I\'m not sure if this is correct though.
So 2nd normal form - there\'s a composite key and all fields in the table must relate to both of the composite key fields. If something doesn\'t relate then it should be refactored into another table.
3rd normal form - everything has to be dependent on the primary key - so I\'m guessing that in 3rd normal form there\'s only 1 key rather than in 2nd normal form where there can be composite keys?
Any advice appreciated.
回答1:
A proper subset or superset of a set is one that is not equal to it.
We say that a set of columns S functionally determines another set T in a table when each subrow for the first always appears with the same subrow for the second. We write S -> T and say S is the determinant set and T is the determined set. We call S -> T a FD (functional dependency). When S is a superset of T we say it is a trivial FD. When S is {A} we say A -> T & when T is {A} we say S -> A.

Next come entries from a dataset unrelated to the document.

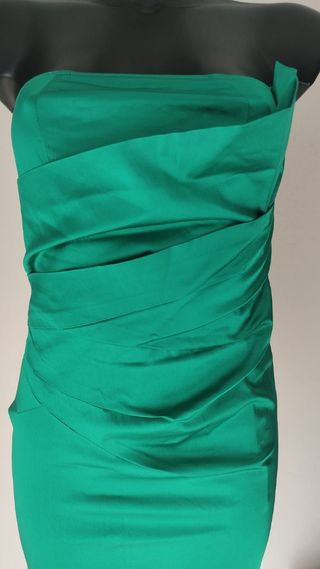 Miniabito verde smeraldo raso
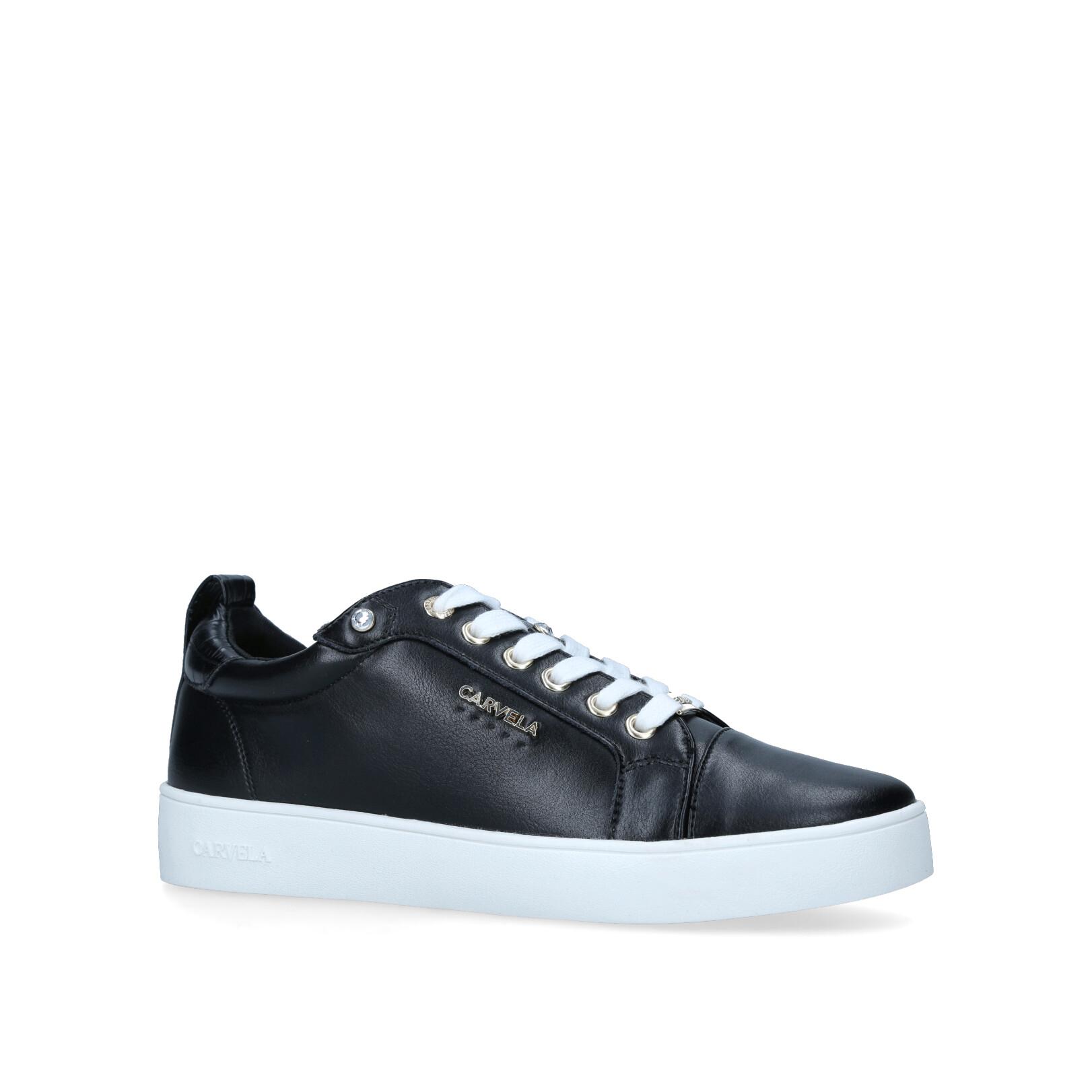 carvela joyful black trainers
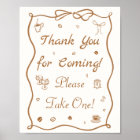 Love is Brewing Coffee Bridal Shower Favour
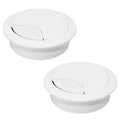 2 Pcs Desk Grommet 2" / 50 mm, Desk Cord Hole Cover, Cable Grommet ABS Plastic, Desk Hole Grommet for Home & Office Pc, Detachable Adjustable Cable Cord Organizer-White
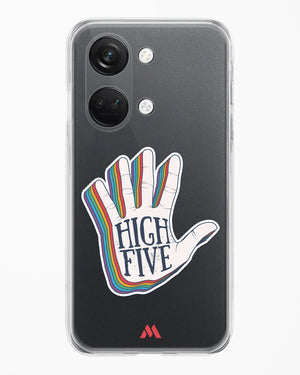 High Five Crystal Clear Transparent Case-(OnePlus)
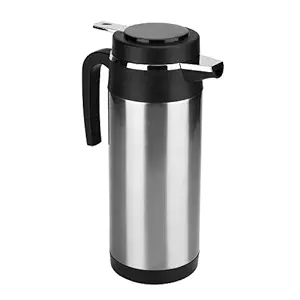 Electric Kettle, Large Capacity 1200ML Portable Heating Water Bottle Vacuum Insulation In-car for Outdoor(24V)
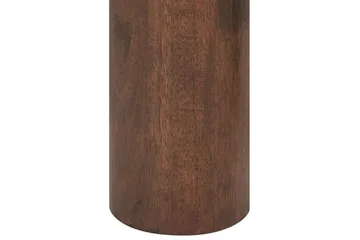 Appelle Runt Matbord 120 cm i Trä med Askutseende - Mörkbrun - Möbler - Bord & matgrupper - Matbord & köksbord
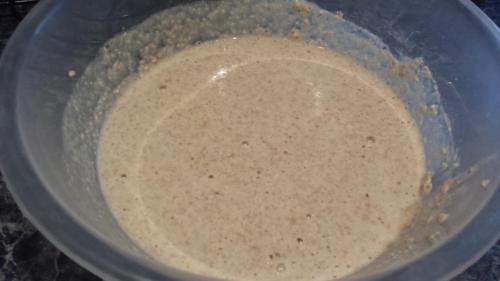 The banana pancake mix. I did blitz the oats so the pancakes were smoother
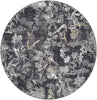 Livabliss Gakko GKK-2300 Black Area Rug Round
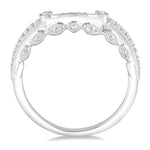 Load image into Gallery viewer, 1/6 Ctw Round Diamond Wedding Band in 14K White Gold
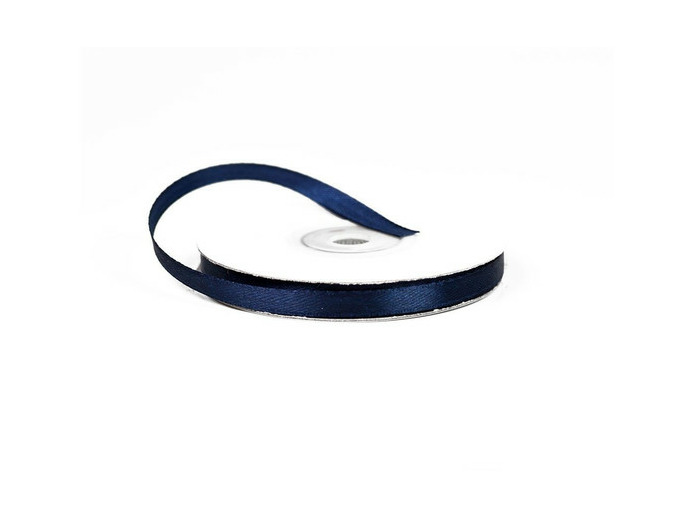 Ruban satin bleu marine 370 Largeur 6 mm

A superkey is a set of columns that uniquely identifies rows. That is so when it functionally determines every attribute. A CK (candidate key) is a superkey that contains no proper superkey. We can pick a CK as PK (primary key). A column is prime when it is in some CK.

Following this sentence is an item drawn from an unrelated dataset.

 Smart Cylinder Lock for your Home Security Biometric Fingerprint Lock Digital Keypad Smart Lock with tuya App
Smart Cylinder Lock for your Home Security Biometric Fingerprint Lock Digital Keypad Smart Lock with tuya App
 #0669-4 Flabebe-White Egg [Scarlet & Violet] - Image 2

That's enough to understand the answer that you link to:
The difference between 2NF and 3NF is this. Suppose that some relation satisfies a non-trivial functional dependency of the form A->B, where B is a nonprime attribute.
2NF is violated if A is not a superkey but is a proper subset of a candidate key
3NF is violated if A is not a superkey
The quote says a NF "is violated if" such an FD exists. Also it's only violated if such an FD exists.
A FD S -> T is partial when a proper subset of S also functionally determines T; otherwise it is full. Note that this does not involve CKs. A table is in 2NF when every non-prime column is fully functionally dependent on every CK.
S -> T is transitive when there is an X where S -> X and X -> T and not X -> S. Note that this does not involve CKs. A table is in 3NF when every non-prime column is non-transitively dependent on every CK.
(Note the alternate definitions of 2NF & 3NF different from the quote.)